Paul Watkins’s characters tend to have especially scathing encounters with combat, and The Ice Soldier‘s narrator is no exception. In the six years since his return from a catastrophic WWII Alpine expedition, Bromley has fashioned a mostly functioning antidote to his memory by aiming low: climbing mountains stands for ambition, and his loftiest goal now is spotting the school secretary with a pair of Busch Rathenows. But resolute apathy turns out to be too thin a defense. As we meet him, he’s just been buffeted by the first of a series of flashbacks. Laced throughout the novel, they dredge up his past in jarring jump cuts.

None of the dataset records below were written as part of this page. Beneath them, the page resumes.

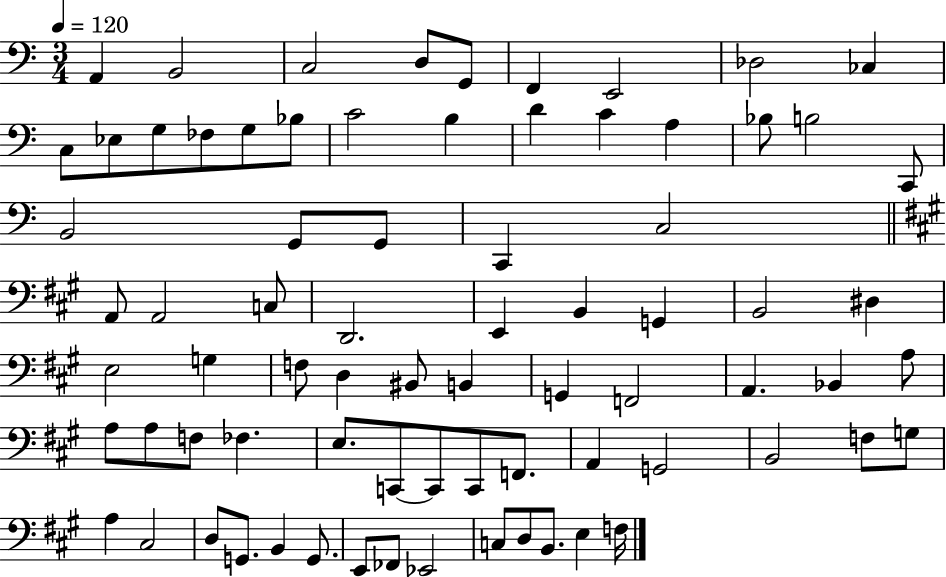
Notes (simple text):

A2/q B2/h C3/h D3/e G2/e F2/q E2/h Db3/h CES3/q C3/e Eb3/e G3/e FES3/e G3/e Bb3/e C4/h B3/q D4/q C4/q A3/q Bb3/e B3/h C2/e B2/h G2/e G2/e C2/q C3/h A2/e A2/h C3/e D2/h. E2/q B2/q G2/q B2/h D#3/q E3/h G3/q F3/e D3/q BIS2/e B2/q G2/q F2/h A2/q. Bb2/q A3/e A3/e A3/e F3/e FES3/q. E3/e. C2/e C2/e C2/e F2/e. A2/q G2/h B2/h F3/e G3/e A3/q C#3/h D3/e G2/e. B2/q G2/e. E2/e FES2/e Eb2/h C3/e D3/e B2/e. E3/q F3/s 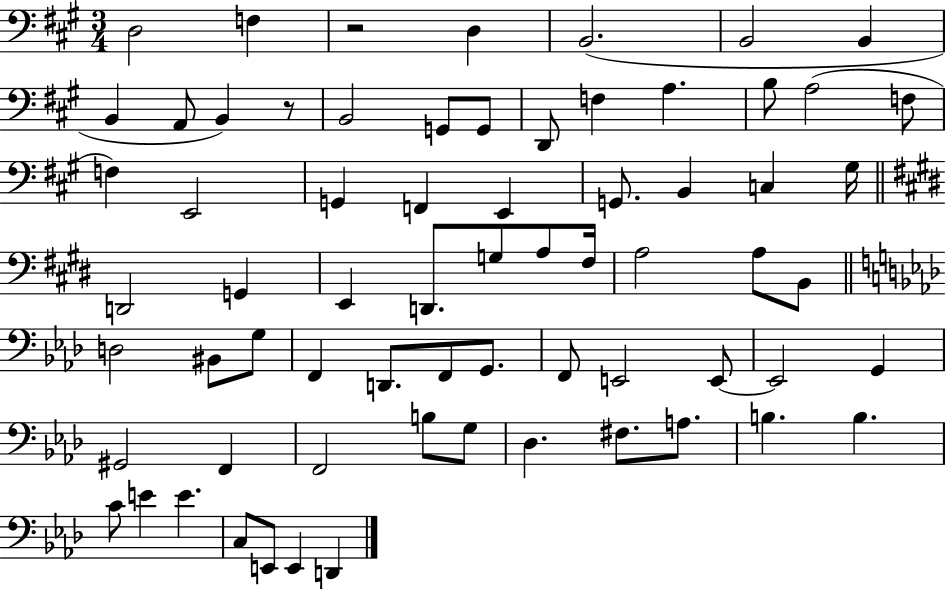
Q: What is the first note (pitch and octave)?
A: D3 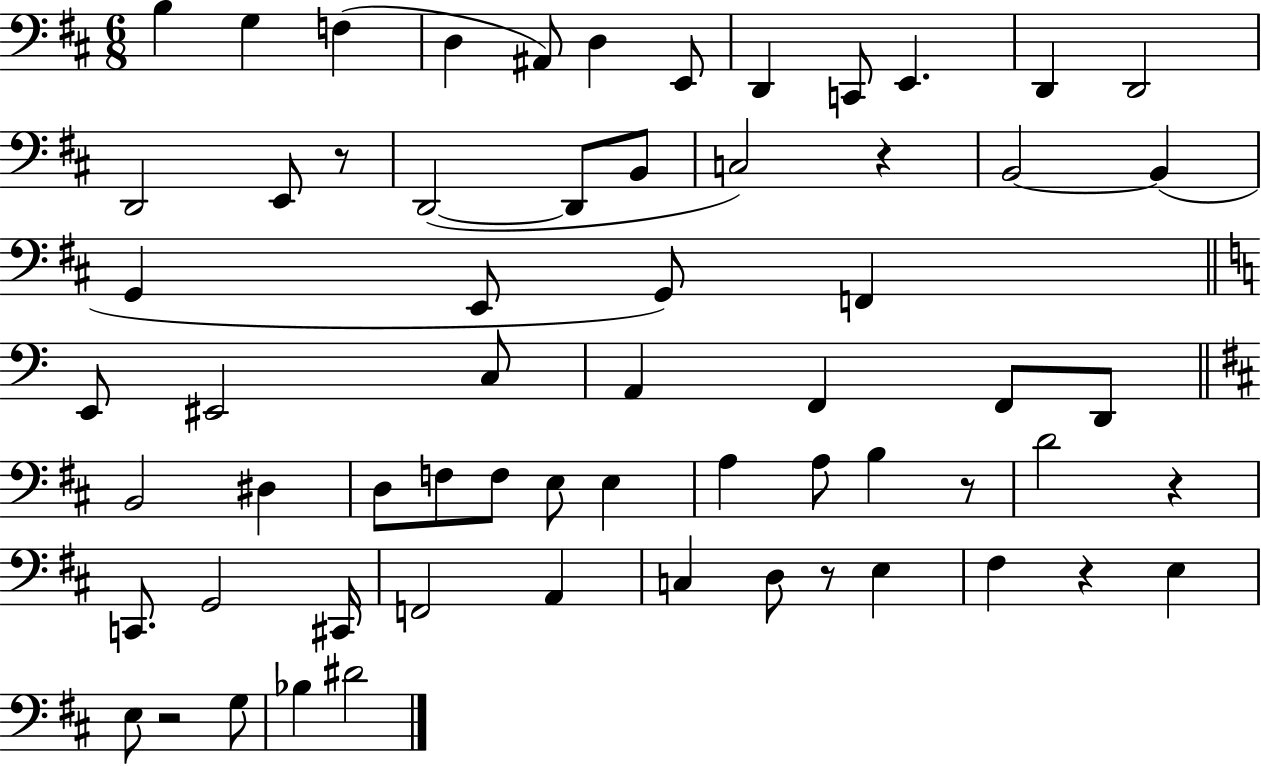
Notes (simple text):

B3/q G3/q F3/q D3/q A#2/e D3/q E2/e D2/q C2/e E2/q. D2/q D2/h D2/h E2/e R/e D2/h D2/e B2/e C3/h R/q B2/h B2/q G2/q E2/e G2/e F2/q E2/e EIS2/h C3/e A2/q F2/q F2/e D2/e B2/h D#3/q D3/e F3/e F3/e E3/e E3/q A3/q A3/e B3/q R/e D4/h R/q C2/e. G2/h C#2/s F2/h A2/q C3/q D3/e R/e E3/q F#3/q R/q E3/q E3/e R/h G3/e Bb3/q D#4/h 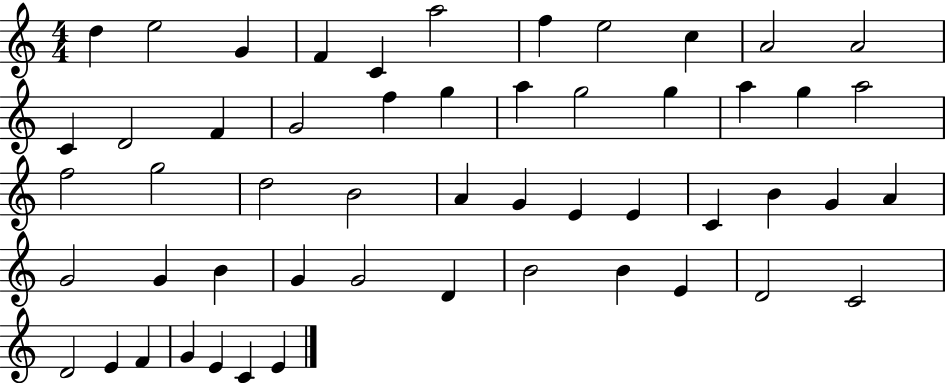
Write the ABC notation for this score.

X:1
T:Untitled
M:4/4
L:1/4
K:C
d e2 G F C a2 f e2 c A2 A2 C D2 F G2 f g a g2 g a g a2 f2 g2 d2 B2 A G E E C B G A G2 G B G G2 D B2 B E D2 C2 D2 E F G E C E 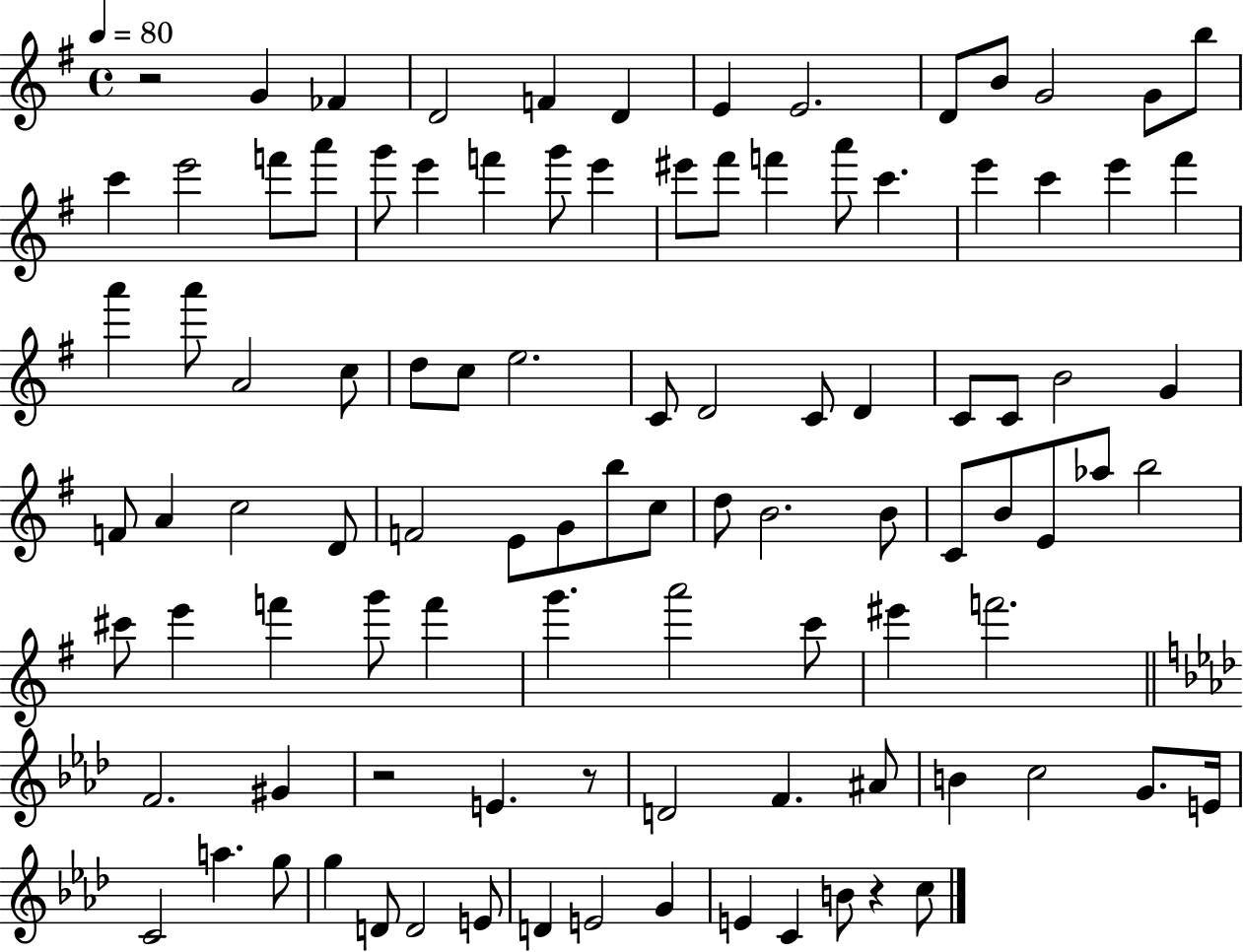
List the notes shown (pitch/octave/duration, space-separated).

R/h G4/q FES4/q D4/h F4/q D4/q E4/q E4/h. D4/e B4/e G4/h G4/e B5/e C6/q E6/h F6/e A6/e G6/e E6/q F6/q G6/e E6/q EIS6/e F#6/e F6/q A6/e C6/q. E6/q C6/q E6/q F#6/q A6/q A6/e A4/h C5/e D5/e C5/e E5/h. C4/e D4/h C4/e D4/q C4/e C4/e B4/h G4/q F4/e A4/q C5/h D4/e F4/h E4/e G4/e B5/e C5/e D5/e B4/h. B4/e C4/e B4/e E4/e Ab5/e B5/h C#6/e E6/q F6/q G6/e F6/q G6/q. A6/h C6/e EIS6/q F6/h. F4/h. G#4/q R/h E4/q. R/e D4/h F4/q. A#4/e B4/q C5/h G4/e. E4/s C4/h A5/q. G5/e G5/q D4/e D4/h E4/e D4/q E4/h G4/q E4/q C4/q B4/e R/q C5/e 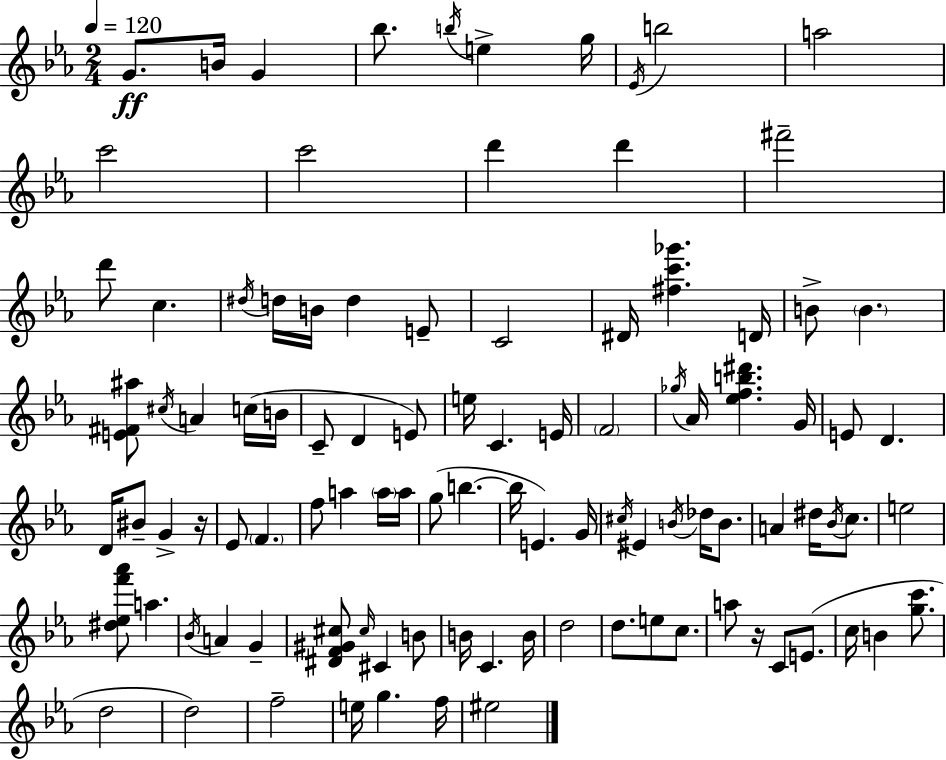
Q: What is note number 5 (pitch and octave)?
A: B5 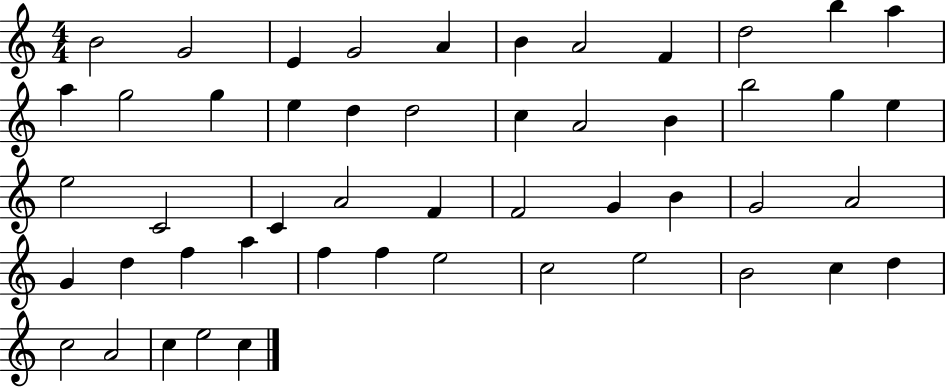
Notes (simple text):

B4/h G4/h E4/q G4/h A4/q B4/q A4/h F4/q D5/h B5/q A5/q A5/q G5/h G5/q E5/q D5/q D5/h C5/q A4/h B4/q B5/h G5/q E5/q E5/h C4/h C4/q A4/h F4/q F4/h G4/q B4/q G4/h A4/h G4/q D5/q F5/q A5/q F5/q F5/q E5/h C5/h E5/h B4/h C5/q D5/q C5/h A4/h C5/q E5/h C5/q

Salvation, of course, can only come from a return to the mountains, a prospect that arises when Bromley’s old climbing guru—the mastermind of the ill-fated sortie—makes a posthumous request for his coffin to be hauled up those same Italian slopes. It’s a wittily apt climax for a novel whose project has been to pull a contemporary image of psychological detachment into the frame of a post-WWII period piece. Since the war, Bromley has clung to the trinkets of the outdoorsy public schooler—the Opinel knife, the Hardy fishing bag, the Parker 51 whose ink “looked to me more like fresh blood as it flowed from the little gold nib”—and these have both held the scent of mid-century Magdalen and evidenced what we’d now call a rut. His final trek winkingly literalizes the tired aphorisms of modern psychobabble: To confront his closeted skeletons, Bromley yokes himself to the coffin that contains them.